Summarize model evaluation results and log them to Confluence

Read eval results from Google Docs, summarize key metrics, and create a structured Confluence page

Overview

Eval results pile up as draft notes that never make it into your internal docs. This template reads your results, formats them into a structured summary, and creates a Confluence page the team can actually find—flagging regressions so nothing slips through.

How it works

Reads the eval results from your specified Google Doc
Summarizes benchmark results: model name, dataset, key metrics, and regressions
Creates a new Confluence page in your specified space with todays date
Populates the page with the structured summary
Adds a bold warning at the top if any metric regressed more than 5%

Who this is for

AI engineers and ML researchers who run regular evaluations and want results documented where the team can find them without writing up summaries by hand.

Suggested prompt

Read the contents of my Google Doc called [1. Eval results doc name] and summarize the benchmark results in a structured format: model name, dataset, key metrics (accuracy, F1, latency), and any notable regressions compared to the previous run.

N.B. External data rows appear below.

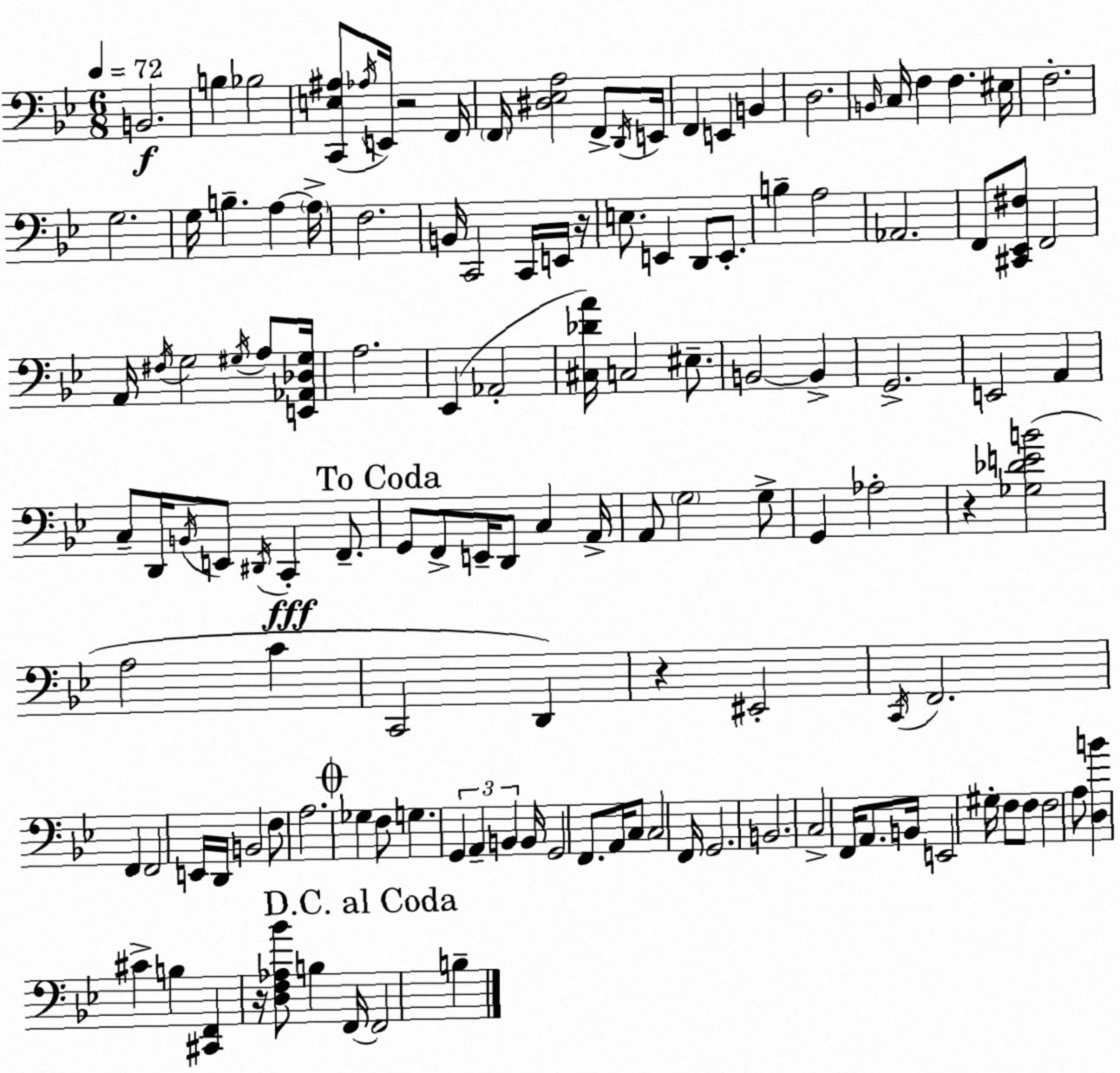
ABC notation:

X:1
T:Untitled
M:6/8
L:1/4
K:Bb
B,,2 B, _B,2 [C,,E,^A,]/2 _A,/4 E,,/4 z2 F,,/4 F,,/4 [^D,_E,A,]2 F,,/2 D,,/4 E,,/4 F,, E,, B,, D,2 B,,/4 C,/4 F, F, ^E,/4 F,2 G,2 G,/4 B, A, A,/4 F,2 B,,/4 C,,2 C,,/4 E,,/4 z/4 E,/2 E,, D,,/2 E,,/2 B, A,2 _A,,2 F,,/2 [^C,,_E,,^F,]/2 F,,2 A,,/4 ^F,/4 G,2 ^G,/4 A,/2 [E,,_A,,_D,^G,]/4 A,2 _E,, _A,,2 [^C,_DA]/4 C,2 ^E,/2 B,,2 B,, G,,2 E,,2 A,, C,/2 D,,/4 B,,/4 E,,/2 ^D,,/4 C,, F,,/2 G,,/2 F,,/2 E,,/4 D,,/2 C, A,,/4 A,,/2 G,2 G,/2 G,, _A,2 z [_G,_DEB]2 A,2 C C,,2 D,, z ^E,,2 C,,/4 F,,2 F,, F,,2 E,,/4 D,,/4 B,,2 F,/2 A,2 _G, F,/2 G, G,, A,, B,, B,,/4 G,,2 F,,/2 A,,/4 C,/2 C,2 F,,/4 G,,2 B,,2 C,2 F,,/4 A,,/2 B,,/4 E,,2 ^G,/4 F,/2 F,/2 F,2 A,/2 [D,B] ^C B, [^C,,F,,] z/4 [D,F,_A,_B]/2 B, F,,/4 F,,2 B,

Then create a new Confluence page in the [2. Space name] space titled "[3. Model name] Eval Summary—[todays date]" and populate it with that summary. If any metric shows a regression of more than 5% from the prior run, add a bold warning note at the top of the page flagging it for review.

Frequently asked questions

Can I change the regression threshold?

Yes, adjust 5% in the prompt to any threshold that makes sense for your team.

What if my results are in a different format?

Modify the prompt to match your eval output structure and the metrics you track.

Can I log results to GitHub instead?

Yes, swap Confluence for GitHub in the prompt to create a markdown file in your repo wiki.

Can I add more sections to the summary?

Yes, modify the prompt to include additional sections like recommendations or next steps.